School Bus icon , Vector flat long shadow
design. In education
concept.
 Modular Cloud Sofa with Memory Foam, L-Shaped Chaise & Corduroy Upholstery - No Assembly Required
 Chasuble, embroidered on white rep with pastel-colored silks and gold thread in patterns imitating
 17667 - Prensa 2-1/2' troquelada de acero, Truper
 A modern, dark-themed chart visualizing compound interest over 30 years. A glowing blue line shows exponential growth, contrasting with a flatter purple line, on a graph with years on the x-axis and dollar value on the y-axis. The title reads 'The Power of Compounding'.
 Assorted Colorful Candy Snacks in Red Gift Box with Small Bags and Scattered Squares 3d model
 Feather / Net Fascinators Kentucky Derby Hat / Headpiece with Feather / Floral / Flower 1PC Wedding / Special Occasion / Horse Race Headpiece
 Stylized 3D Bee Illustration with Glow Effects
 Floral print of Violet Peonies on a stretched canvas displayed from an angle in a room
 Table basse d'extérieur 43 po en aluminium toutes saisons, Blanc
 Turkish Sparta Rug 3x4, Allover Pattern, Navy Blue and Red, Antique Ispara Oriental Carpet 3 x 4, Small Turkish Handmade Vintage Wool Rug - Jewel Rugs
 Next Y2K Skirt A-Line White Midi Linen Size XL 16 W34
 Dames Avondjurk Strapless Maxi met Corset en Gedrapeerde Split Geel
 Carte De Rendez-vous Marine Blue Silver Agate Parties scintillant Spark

* * * * * * * * *

Task to complete ▸
The answer must contain every line of the material, unchanged.

Task result ▸
School Bus icon , Vector flat long shadow
design. In education
concept.
 Modular Cloud Sofa with Memory Foam, L-Shaped Chaise & Corduroy Upholstery - No Assembly Required
 Chasuble, embroidered on white rep with pastel-colored silks and gold thread in patterns imitating
 17667 - Prensa 2-1/2' troquelada de acero, Truper
 A modern, dark-themed chart visualizing compound interest over 30 years. A glowing blue line shows exponential growth, contrasting with a flatter purple line, on a graph with years on the x-axis and dollar value on the y-axis. The title reads 'The Power of Compounding'.
 Assorted Colorful Candy Snacks in Red Gift Box with Small Bags and Scattered Squares 3d model
 Feather / Net Fascinators Kentucky Derby Hat / Headpiece with Feather / Floral / Flower 1PC Wedding / Special Occasion / Horse Race Headpiece
 Stylized 3D Bee Illustration with Glow Effects
 Floral print of Violet Peonies on a stretched canvas displayed from an angle in a room
 Table basse d'extérieur 43 po en aluminium toutes saisons, Blanc
 Turkish Sparta Rug 3x4, Allover Pattern, Navy Blue and Red, Antique Ispara Oriental Carpet 3 x 4, Small Turkish Handmade Vintage Wool Rug - Jewel Rugs
 Next Y2K Skirt A-Line White Midi Linen Size XL 16 W34
 Dames Avondjurk Strapless Maxi met Corset en Gedrapeerde Split Geel
 Carte De Rendez-vous Marine Blue Silver Agate Parties scintillant Spark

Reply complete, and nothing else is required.